In nearly every entry Hallock describes the work he is doing for his various classes but a couple of accounts of attempted scholarly pursuits stand out, including rejection from a literary magazine…
Mon. Oct. 31
“Father wrote that … “My Baby Loves Me Now” returned from “College Stories” without any rejection slip, let alone no personal one, and that after four weeks. Oh well, I’ve been turned down by better magazines – and that more politely.”
… and attempting to bake clay inscribed with Assyrian signs.
Fri. Dec. 30
“In the evening made Assyrian signs on clay awhile, then tried to bake a bit of clay with a sign on either side, using the Packer’s Tar Soap box as an oven. Worked beautifully, but in trying to remove the baked clay I dropt [sic] it and it broke into dust. So, discouraged, read another story in the Golden Book. Then bed, and oblivion.”

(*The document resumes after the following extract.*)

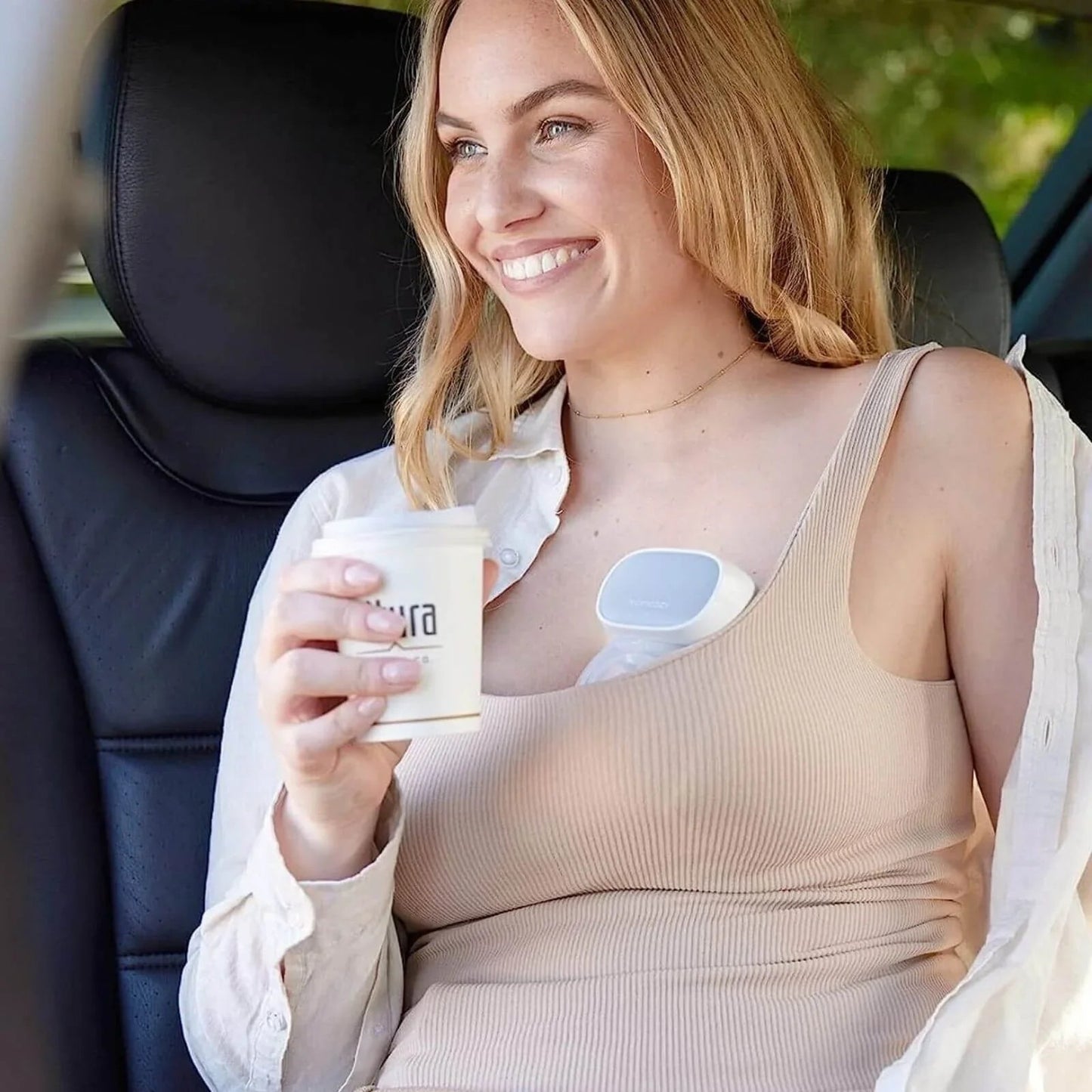 Momcozy S9 Pro Wearable Nursing Pump - mezetto ebebek ebebek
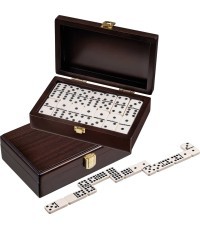 Spēle Philos Domino Double 9 20x12.5cm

In all, Hallock’s diary provides an entertaining look at aspects of life at Trinity in the early twentieth century. If nothing else, the diary shows that student life remains remarkably unchanged from one generation of another!
Guest post by Amie Lalonde (1T6). Amie is currently working as the Trinity College Archives Assistant and will begin graduate work in history at U of T in the fall 2016.